I saved the picture as usc.jpg and added it to the screenshots folder, right beside welcome.jpg. You may add screenshots for as many languages as you want, as long as they fit on the CD, but please keep in mind there is a high maintenance cost.
Now we can try this thing! Open a terminal: we’re going to build a defaults package and see what happens.
cd ubuntuway-defaults debuild
A package file should appear in the parent directory, called ubuntuway-defaults_0.1_all.deb. Just double click the file and choose Install. To see this in action, you also need to install ubiquity-slideshow-ubuntu and download the slideshow testing tool (Slideshow.py). Sorry, just a little more terminal stuff ahead.

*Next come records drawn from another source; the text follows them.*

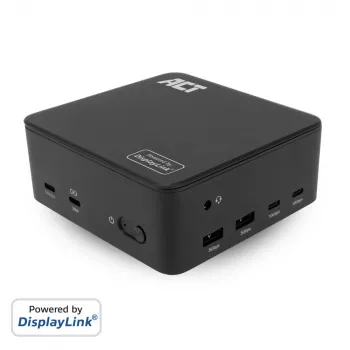 ACT Universal USB-C docking station 4K, para 3 monitores HDMI/DisplayPort, DisplayLink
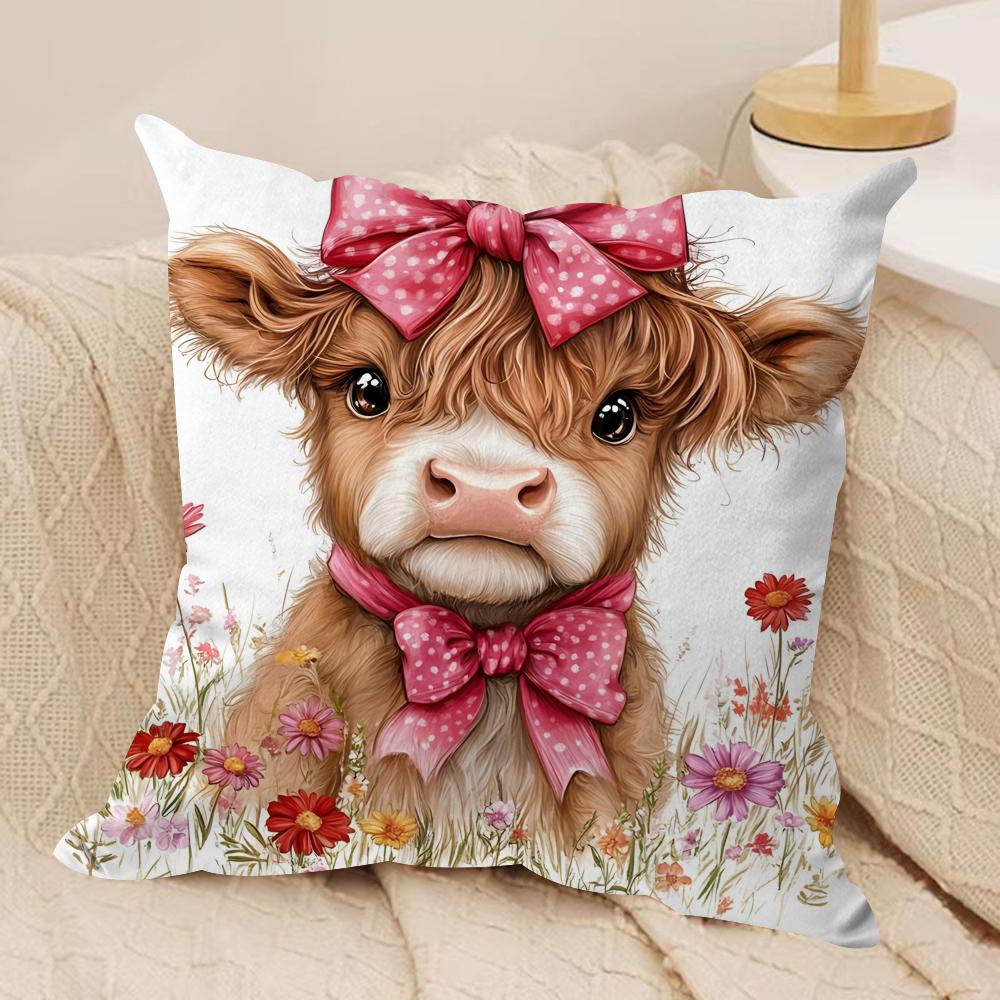 Highland cow and flower Cushion Cover Soft Plush Fabric DoubleSided Printed Cushion Covers for All Seasons Home Decor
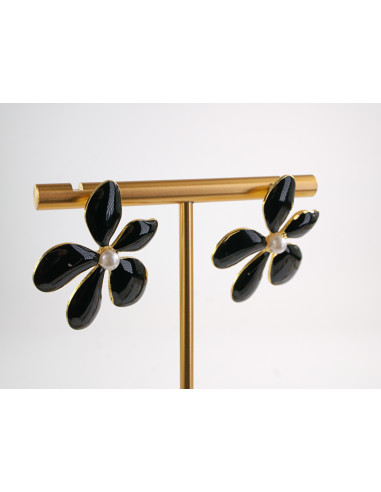 Kolczyki CZARNE KWIATY  KWIATKI STAL...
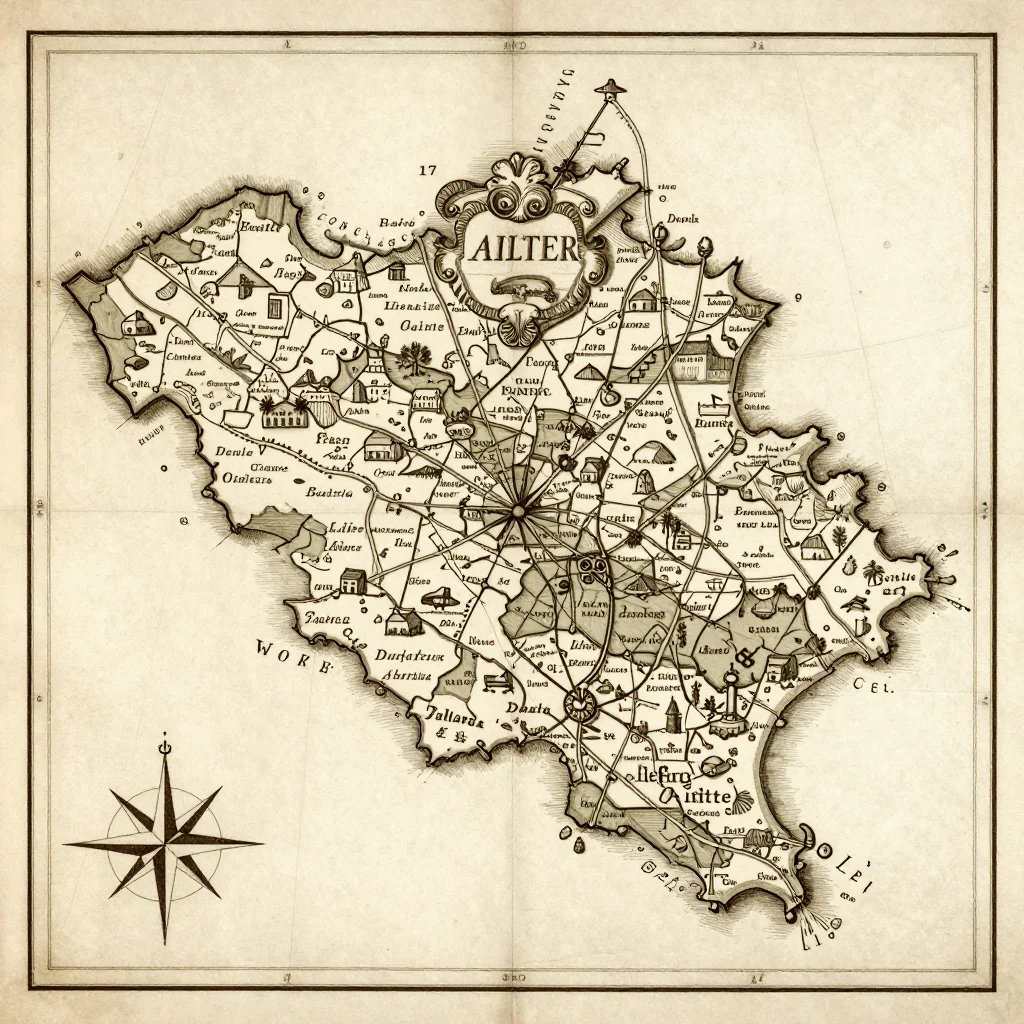 Aalter, Belgium Vintage Map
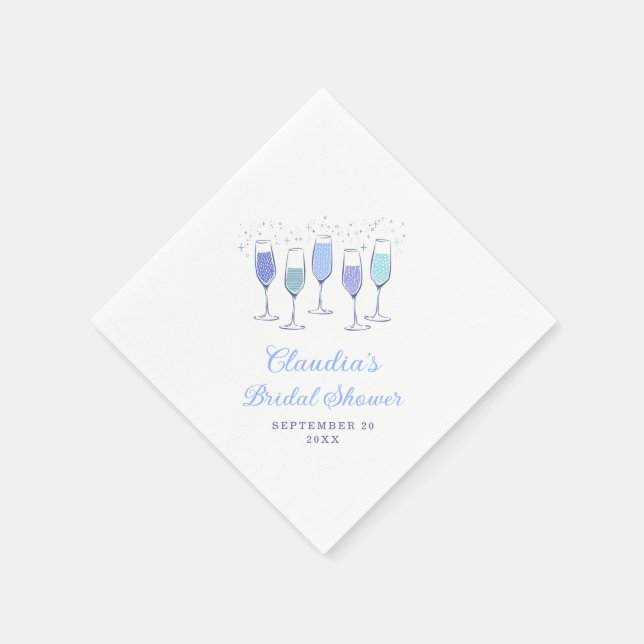 Something Blue Champagne Bridal Shower Napkin (Corner)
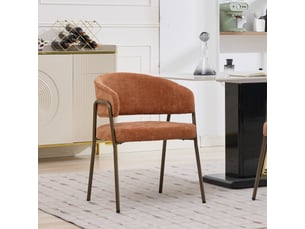 Chaise de salle à manger chenille sw1876og orange avec accoudoirs et pieds métal laiton antique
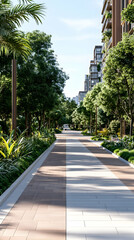 Obraz premium Lush green walkway between modern apartment buildings, sunny day, urban landscape; ideal for real estate marketing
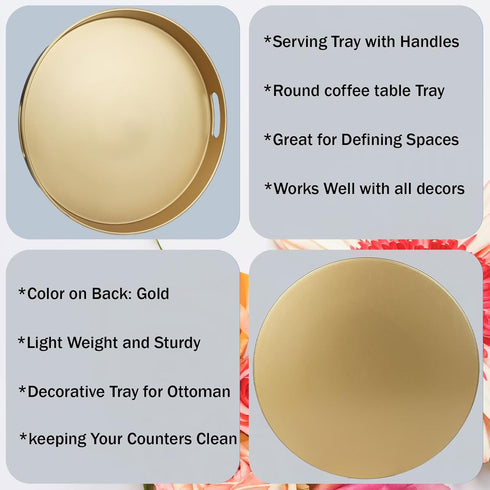 13 Round Gold Decorative Serving Tray with Handles, Versatile Ottoman Tray for Coffee Table, Entertaining, Outdoor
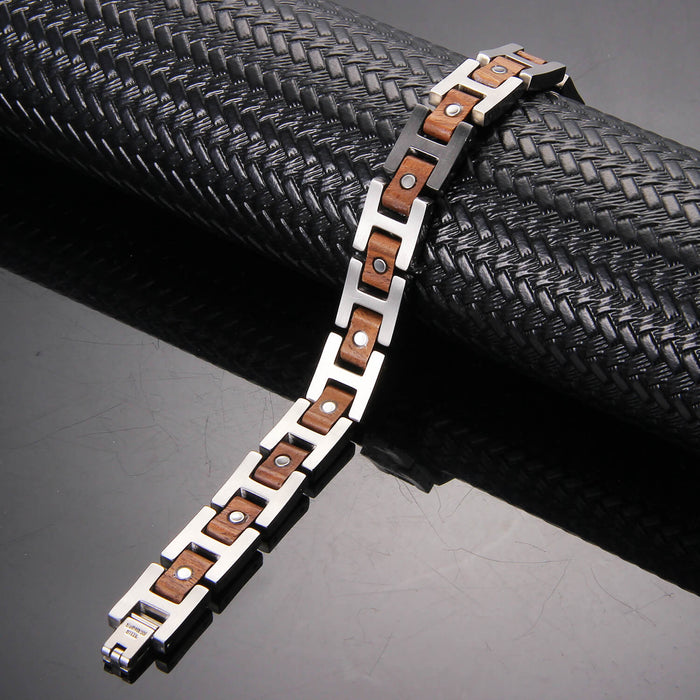 Wood and Stainless Steel Magnetic Bracelet - 3 Colors available - Model WB009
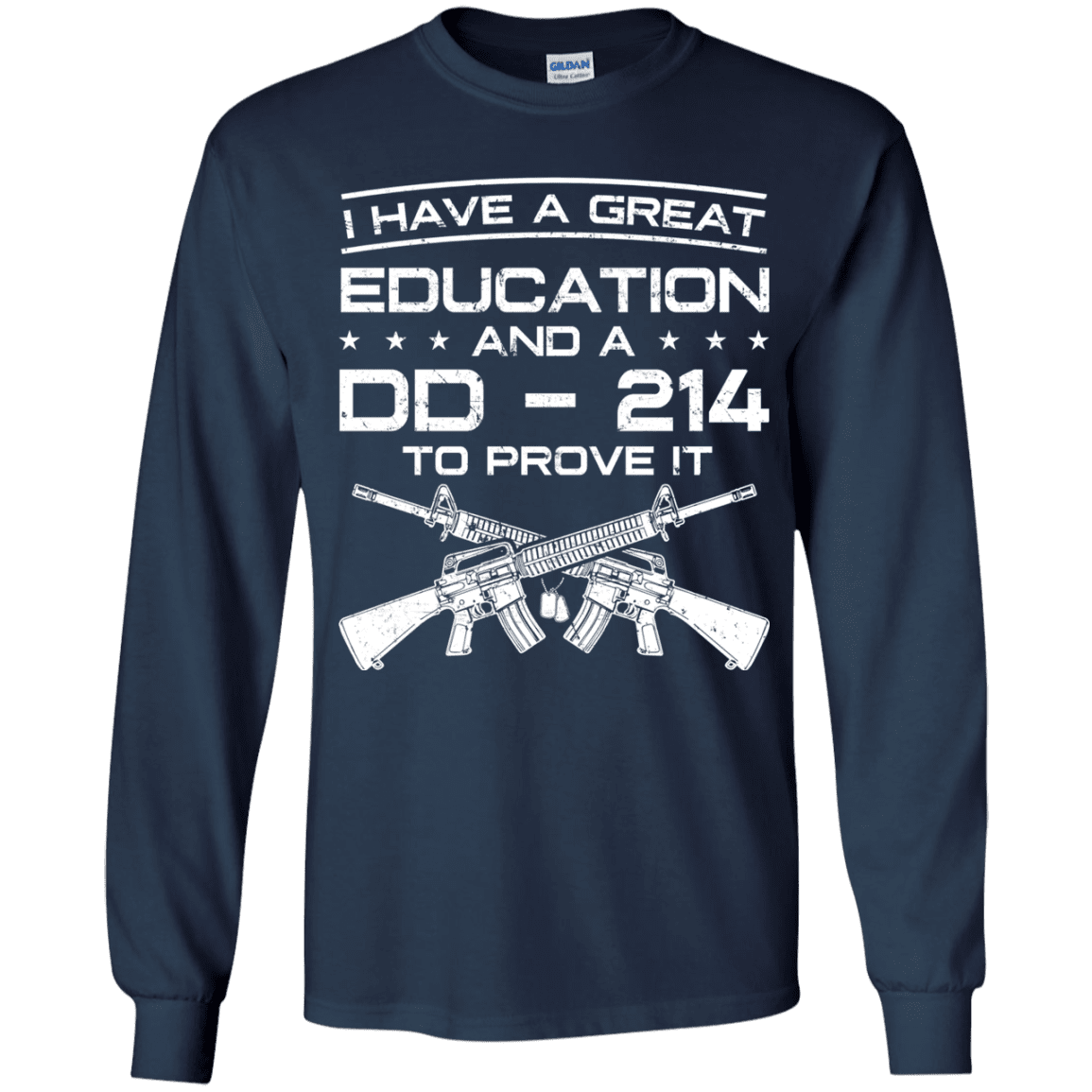 Military T-Shirt "I Have A Great Education And A DD 214 To Prove It - Women" Front-TShirt-General-Veterans Nation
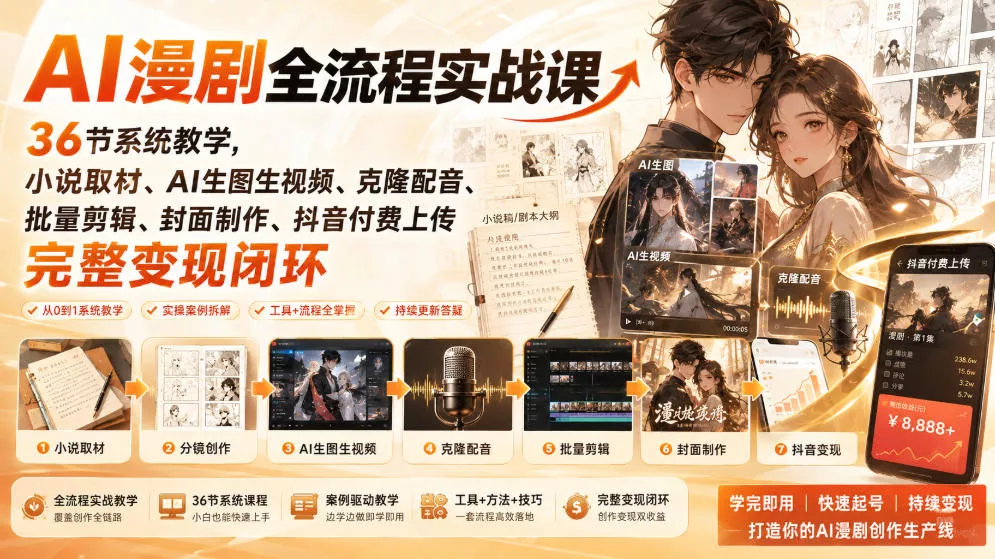AI漫剧全流程实战课｜36节系统教学，小说取材、AI生图生视频、克隆配音、批量剪辑、封面制作、抖音付费上传完整变现闭环-易创网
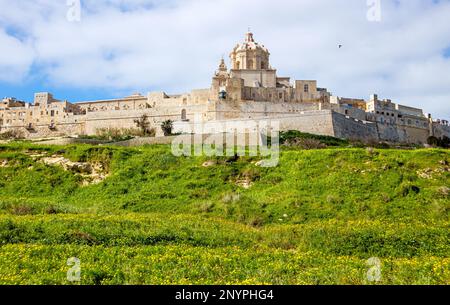 Ville fortifiée appelée Mdina Maltais L-Imdina à Malte, en Europe. Ville vue de l'extérieur du fort et des murs, des champs verdoyants autour de la ville. Banque D'Images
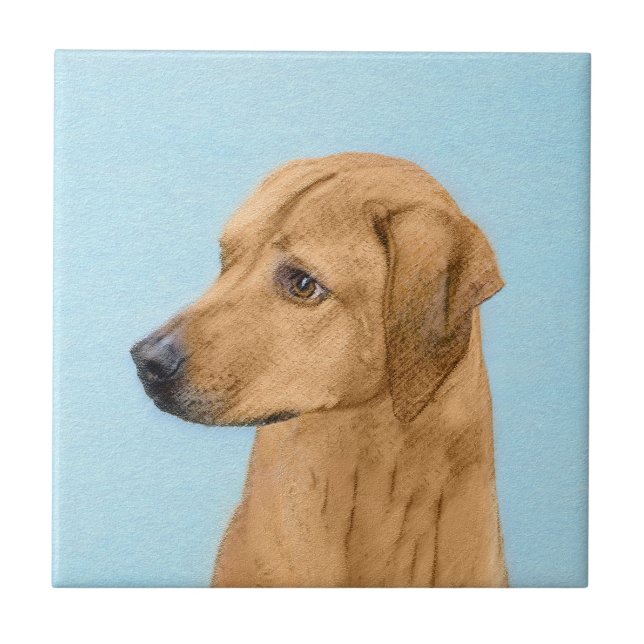 Rhodesian Ridgeback Painting - Original Dog Art Ceramic Tile (Front)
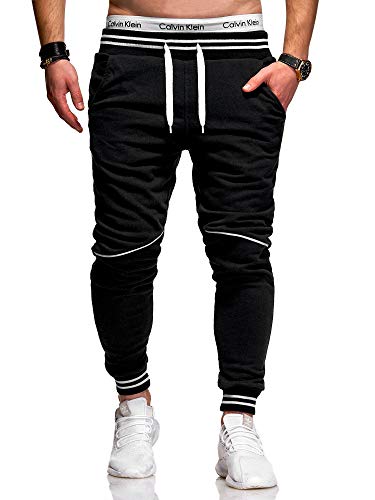 behype. Herren Lange Trainingshose Jogging-Hose Sporthose 60-52 Schwarz S von behype.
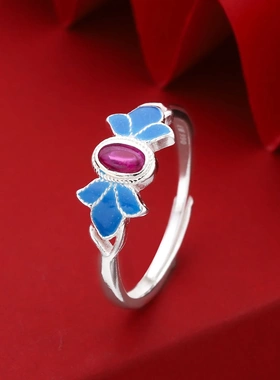 7401号足银990珐琅凤羽宫廷风戒指女纯银开口爆款国朝风戒指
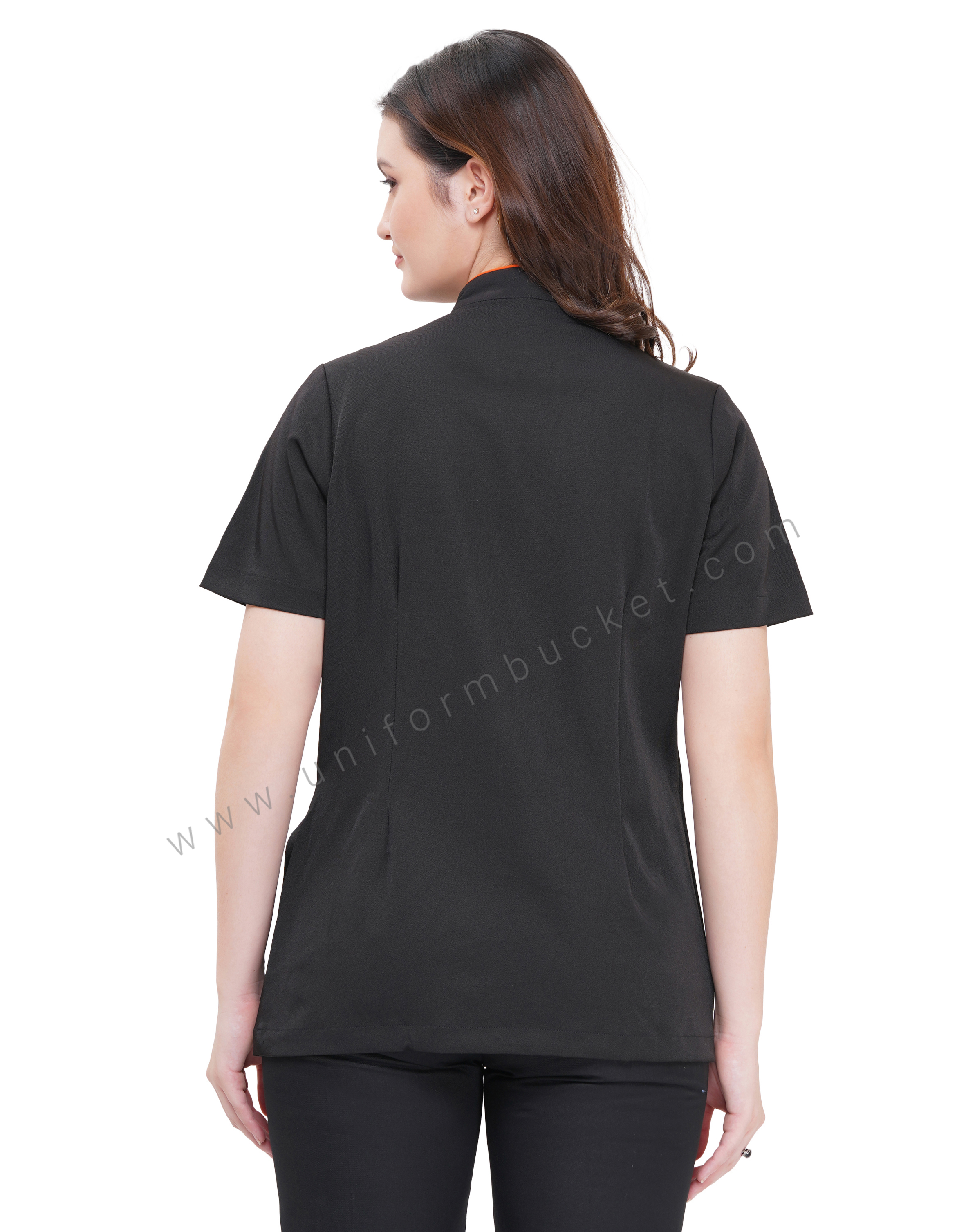 FEMALE BLACK  BAND COLLAR FEMALE TOP WITH ORANGE PIPING thumbnail 5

Open a terminal pointed to wherever you downloaded Slideshow.py.
chmod +x Slideshow.py ./Slideshow.py --path=/usr/share/ubiquity-slideshow --locale='en@piglatin'
Now, about that text…
We’re going to add some information that we know will be useful for people who receive this disk image, and we will translate some stuff into Pig Latin as an example. The files we need to replace are called welcome.html and gethelp.html, and they’re html files, so if you know HTML it will be a piece of cake.
Again, the easiest thing is to find the files we need from the base ubiquity-slideshow and copy them. In this case, we’ll copy and paste the files and then edit them with our changes. But before you do that, remember that the slideshow is very likely to be available in your language. Before you copy slides from /usr/share/ubiquity-slideshow/slides, look for them under your locale at /usr/share/ubiquity-slideshow/slides/l10n.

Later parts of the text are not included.